I’ve been thinking a lot about this question lately: What’s the best way to ensure funding for an essential public service?
To be fair, most of you probably haven’t used this specific public service and, candidly, you’re probably all right with that.
The fact is, most people in the community don’t use this service, and when you consider that the private sector used to provide it, it’s not irrational to ask why taxpayers should pay for something that’s used by only a small percentage of the community.
In fact, some have suggested that if you could identify the people who will need the service, it would be cheaper to buy all of them their own vehicles instead of providing this service all over the county.
Given these realities, perhaps we need a new funding mechanism—perhaps create a “users pay” system to require the service to support itself. Maybe that’s a way to stop subsidizing the free riders.
On the other hand, there are persuasive arguments in support of a broad funding base for the service. You can’t deny that it can be a true lifesaver to those folks who need it and rely on it.
We cannot effectively compete for new business or talent if this service isn’t available throughout the community. Every top-tier city in America provides this service to its residents, and we cannot be an outlier if we want to keep pace. We all benefit from the service, whether we directly use it or not.
And so, in weighing the arguments, the answer is clear: The entire community should continue funding the fire department. It provides a vital public service that benefits us all, even if all of us don’t need it.
Wait a minute, you might ask. Did I miss something? Fire department? Weren’t you talking about something else, like mass transit?
Well, it’s true; we do hear these arguments when we talk about funding regional transit (and, no, we’re not suggesting that we change how we fund the fire department). But if you re-read the first few paragraphs with the fire department in mind instead of transit, it might frame the current conversation in a new light for you.
Think about it: Most of us never need the fire department’s services (and we’re glad of that), but we all pay taxes that ensure the service is available when it’s needed. It wouldn’t have to be funded that way, though. We could insist that “the fire department should pay for itself”—for example, you could calculate how much it actually cost to put out each fire and charge the property owner accordingly. You might call it “pay as you glow.”

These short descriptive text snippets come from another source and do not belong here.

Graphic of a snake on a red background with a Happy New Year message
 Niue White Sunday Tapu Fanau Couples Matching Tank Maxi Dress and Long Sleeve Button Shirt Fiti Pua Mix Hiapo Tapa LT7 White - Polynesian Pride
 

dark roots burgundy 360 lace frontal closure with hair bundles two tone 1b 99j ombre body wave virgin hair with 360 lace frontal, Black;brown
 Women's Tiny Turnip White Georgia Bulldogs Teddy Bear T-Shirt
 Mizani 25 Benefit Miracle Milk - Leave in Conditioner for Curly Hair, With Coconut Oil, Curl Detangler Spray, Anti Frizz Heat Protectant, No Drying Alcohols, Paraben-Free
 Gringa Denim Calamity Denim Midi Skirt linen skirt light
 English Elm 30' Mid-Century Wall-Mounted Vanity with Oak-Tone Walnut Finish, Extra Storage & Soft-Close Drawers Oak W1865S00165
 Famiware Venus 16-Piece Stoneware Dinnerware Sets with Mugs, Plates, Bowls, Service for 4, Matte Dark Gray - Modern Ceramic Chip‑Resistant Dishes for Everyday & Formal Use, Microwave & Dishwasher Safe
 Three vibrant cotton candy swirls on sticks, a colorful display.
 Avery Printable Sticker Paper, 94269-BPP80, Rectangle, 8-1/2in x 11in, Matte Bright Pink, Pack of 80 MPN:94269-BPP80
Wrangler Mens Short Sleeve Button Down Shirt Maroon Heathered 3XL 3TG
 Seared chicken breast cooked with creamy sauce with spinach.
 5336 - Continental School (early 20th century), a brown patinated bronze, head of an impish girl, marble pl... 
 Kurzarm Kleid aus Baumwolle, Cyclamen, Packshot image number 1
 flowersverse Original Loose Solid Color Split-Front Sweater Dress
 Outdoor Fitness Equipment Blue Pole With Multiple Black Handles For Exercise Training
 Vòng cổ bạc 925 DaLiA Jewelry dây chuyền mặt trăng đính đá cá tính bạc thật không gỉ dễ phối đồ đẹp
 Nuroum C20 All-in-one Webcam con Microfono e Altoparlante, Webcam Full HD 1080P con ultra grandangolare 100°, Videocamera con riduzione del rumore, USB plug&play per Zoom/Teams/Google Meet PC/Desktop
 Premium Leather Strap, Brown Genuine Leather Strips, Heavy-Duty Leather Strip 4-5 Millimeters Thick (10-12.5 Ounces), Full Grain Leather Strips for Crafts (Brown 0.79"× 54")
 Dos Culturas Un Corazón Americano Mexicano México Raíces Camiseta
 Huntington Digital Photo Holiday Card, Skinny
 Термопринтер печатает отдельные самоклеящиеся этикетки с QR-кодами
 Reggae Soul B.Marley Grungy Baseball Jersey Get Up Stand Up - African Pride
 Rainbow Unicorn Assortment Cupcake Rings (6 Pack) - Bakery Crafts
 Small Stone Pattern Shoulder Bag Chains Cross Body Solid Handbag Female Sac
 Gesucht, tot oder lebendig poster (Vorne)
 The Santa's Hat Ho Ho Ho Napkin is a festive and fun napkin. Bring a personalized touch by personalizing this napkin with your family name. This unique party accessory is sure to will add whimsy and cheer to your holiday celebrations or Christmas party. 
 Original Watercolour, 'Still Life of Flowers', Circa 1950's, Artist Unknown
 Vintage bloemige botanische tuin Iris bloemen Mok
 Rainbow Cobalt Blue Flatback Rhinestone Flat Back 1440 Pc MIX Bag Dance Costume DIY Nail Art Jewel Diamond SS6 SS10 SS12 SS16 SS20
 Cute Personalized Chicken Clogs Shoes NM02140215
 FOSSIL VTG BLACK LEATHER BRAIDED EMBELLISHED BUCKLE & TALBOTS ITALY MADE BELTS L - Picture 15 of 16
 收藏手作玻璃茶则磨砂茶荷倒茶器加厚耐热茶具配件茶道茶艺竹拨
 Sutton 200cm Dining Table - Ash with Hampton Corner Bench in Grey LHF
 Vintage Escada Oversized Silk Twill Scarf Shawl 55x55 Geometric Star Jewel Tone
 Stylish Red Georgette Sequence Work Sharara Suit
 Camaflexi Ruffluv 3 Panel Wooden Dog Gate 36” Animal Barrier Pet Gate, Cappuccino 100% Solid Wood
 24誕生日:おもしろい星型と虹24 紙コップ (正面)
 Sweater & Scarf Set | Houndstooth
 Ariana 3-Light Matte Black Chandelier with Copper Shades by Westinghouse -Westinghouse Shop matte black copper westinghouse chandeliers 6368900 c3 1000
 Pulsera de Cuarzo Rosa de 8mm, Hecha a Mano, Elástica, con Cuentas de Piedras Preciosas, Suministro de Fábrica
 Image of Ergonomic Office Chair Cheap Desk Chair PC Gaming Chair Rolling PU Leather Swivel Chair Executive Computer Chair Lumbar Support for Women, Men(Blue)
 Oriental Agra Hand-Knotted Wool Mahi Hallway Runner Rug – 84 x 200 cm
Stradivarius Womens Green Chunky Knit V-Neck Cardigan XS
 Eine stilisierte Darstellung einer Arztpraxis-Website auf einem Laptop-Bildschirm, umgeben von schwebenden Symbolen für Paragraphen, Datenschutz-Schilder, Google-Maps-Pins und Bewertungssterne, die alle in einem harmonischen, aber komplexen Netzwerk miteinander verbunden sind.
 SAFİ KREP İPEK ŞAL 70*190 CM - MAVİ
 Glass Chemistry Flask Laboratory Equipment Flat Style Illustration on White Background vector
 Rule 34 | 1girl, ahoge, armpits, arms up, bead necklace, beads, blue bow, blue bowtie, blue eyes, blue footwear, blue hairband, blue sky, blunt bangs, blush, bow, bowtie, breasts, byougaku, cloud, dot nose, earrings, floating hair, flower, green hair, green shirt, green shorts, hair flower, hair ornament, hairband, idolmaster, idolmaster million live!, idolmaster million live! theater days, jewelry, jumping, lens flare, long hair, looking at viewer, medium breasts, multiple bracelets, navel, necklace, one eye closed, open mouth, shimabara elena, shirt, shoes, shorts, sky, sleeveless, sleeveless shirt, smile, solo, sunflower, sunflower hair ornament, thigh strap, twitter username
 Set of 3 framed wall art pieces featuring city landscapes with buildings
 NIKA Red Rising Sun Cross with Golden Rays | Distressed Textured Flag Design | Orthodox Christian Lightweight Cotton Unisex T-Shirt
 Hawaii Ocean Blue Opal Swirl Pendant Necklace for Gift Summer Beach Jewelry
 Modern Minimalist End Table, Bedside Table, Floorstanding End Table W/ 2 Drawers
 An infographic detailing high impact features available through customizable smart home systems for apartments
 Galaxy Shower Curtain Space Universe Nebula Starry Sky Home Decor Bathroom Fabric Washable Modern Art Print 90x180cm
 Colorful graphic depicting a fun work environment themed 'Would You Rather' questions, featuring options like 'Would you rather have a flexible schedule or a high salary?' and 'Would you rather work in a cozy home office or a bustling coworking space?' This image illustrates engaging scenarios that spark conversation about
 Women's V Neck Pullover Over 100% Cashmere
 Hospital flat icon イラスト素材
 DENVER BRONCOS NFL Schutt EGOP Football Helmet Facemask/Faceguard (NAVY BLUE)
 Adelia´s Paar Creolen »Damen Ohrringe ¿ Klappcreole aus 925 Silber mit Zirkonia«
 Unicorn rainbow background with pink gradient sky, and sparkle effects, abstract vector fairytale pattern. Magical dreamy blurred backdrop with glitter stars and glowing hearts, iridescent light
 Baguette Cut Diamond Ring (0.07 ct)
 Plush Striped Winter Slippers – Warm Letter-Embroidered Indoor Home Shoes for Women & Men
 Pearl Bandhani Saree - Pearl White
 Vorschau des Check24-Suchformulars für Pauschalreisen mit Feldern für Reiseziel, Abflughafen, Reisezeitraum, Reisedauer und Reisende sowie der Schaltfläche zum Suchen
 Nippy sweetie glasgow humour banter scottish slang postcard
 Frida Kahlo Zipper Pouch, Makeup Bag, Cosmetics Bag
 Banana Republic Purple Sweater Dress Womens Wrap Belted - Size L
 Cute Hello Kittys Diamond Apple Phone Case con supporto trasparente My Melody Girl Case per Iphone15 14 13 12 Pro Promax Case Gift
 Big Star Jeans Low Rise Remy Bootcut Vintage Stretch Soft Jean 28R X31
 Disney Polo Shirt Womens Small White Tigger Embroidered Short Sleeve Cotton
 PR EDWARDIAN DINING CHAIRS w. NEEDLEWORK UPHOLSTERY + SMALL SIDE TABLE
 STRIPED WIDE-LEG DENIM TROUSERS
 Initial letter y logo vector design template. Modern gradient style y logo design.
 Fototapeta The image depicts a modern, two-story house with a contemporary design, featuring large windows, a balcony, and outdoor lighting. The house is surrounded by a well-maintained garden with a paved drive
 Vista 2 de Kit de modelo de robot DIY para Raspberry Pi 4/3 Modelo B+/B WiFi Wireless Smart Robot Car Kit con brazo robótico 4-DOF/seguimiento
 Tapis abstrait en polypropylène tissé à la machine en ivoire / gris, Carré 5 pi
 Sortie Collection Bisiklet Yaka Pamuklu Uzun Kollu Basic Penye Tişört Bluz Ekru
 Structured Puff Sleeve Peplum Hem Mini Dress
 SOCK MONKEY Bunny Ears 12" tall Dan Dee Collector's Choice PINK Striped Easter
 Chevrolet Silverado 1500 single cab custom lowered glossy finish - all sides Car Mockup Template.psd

But we don’t do that, of course. We’ve decided that, like other essential services, fire protection benefits the whole community, and as such, we should all contribute to its costs—whether we use it or not.
We believe the same approach makes sense for mass transit: Fund it as an essential public service, as it is in all our competitor regions. As you know, we asked the General Assembly last session for local control to put that question to the voters, but our plan ended up on the back burner.
We’re redoubling our efforts to pass this plan in the 2013 legislative session. We’re launching a broad-based campaign to ensure that residents and policymakers alike understand the substantial benefits of a strong transit system, and to build community-wide support for the plan.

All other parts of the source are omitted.